Really Fast Recommended Reading

Friday, May 18th, 2012

‘Cause Zen is dead tired.

Top Billing! Bruce Kesler –The Renewed American Revolution: The 9th Amendment 

….But constitutional scholars do agree on a basic point: the 9th Amendment was intended to be a guiding construct to interpretation of the rest of the Constitution, although specifics may be either lacking or in contention. After all, the 9th Amendment was considered necessary to be part of our Bill Of Rights without which the Constitution would not have been ratified.

Today, there are new factors requiring more attention to the 9th Amendment: the cumulative and continuing expansion of federal legislation into territories formerly outside its enumerated reserve, the almost unchecked latitude claimed by federal regulatory rules, and technologies’ facilitation of increased central controls and uniformity. The runaway employment of the federal purse and tax to compel obedience is, simply, out of control at the same time that it is evident that the economic security of the nation is imperiled by it.

Kudos to Andrew Exum for bringing rising star scholar-blogfriends Adam Elkus and Dan Trombly aboard Abu Muqawama. A classy gesture by Ex.  Wasting little time, Adam is already posting! (C’mon Dan, don’t fall behind):

The Political Economy of Operational Art  and Limiting Terminological Escalation

Infinity Journal(LTC Ron Tira) Yes They Can: The US Can Prevent Iran from Acquiring the A-Bomb 

I am going to blog on this one in a day or two – a tightly argued and provocative piece.

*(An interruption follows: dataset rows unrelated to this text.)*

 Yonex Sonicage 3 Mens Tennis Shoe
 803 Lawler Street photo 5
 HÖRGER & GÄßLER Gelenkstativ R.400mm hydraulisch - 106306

Gunpowder&Lead – Gimme Shelter 

….Forty years later, Owen West, a Marine reserve major and Bing’s son, has published his own gripping saga of a modern day variant of the Combined Action Platoon – the Military Transition Team (MiTT) – fighting a similarly brutal counterinsurgency in Iraq. The Snake Eaters follows the 3rd Battalion, 3rd Brigade, 1st Division (3/3-1) of the Iraqi Army and their American military advisors – known by their all-too-appropriate radio call sign, Outcast – during the dark days of 2005-07 as they attempt to defeat an insurgency and win the allegiance of Khalidiya, a village halfway between Fallujah and Ramadi. It’s a raw account of a motley crew of reservists called up for duty to fight a war for which they were ill prepared, ill equipped, and ill supported. Through force of bravery and grit, Outcast and their Iraqi brothers-in-arms overcome the enemy and, sometimes, their own chain-of-command.

SWJ Blog –Clausewitz and the Non-State Actor: A Contemporary Application of the Paradoxical Trinity to Countering Terrorism

S. Anthony Iannarino – Driving the Wedge Between Your Dream Client and Your Competitor 

Anthony deals with business situations, specifically, making sales. Why am I linking? Because he regularly  blogs about business in terms of strategy and tactics, lining up ends, ways and means.

That’s it.

Of swastikas, meanders and the mapping of complexity

Wednesday, May 16th, 2012

[ by Charles Cameron — a meander from the symbolism of the Greek neo-Nazi party to the complex flow of the great Mississippi River ]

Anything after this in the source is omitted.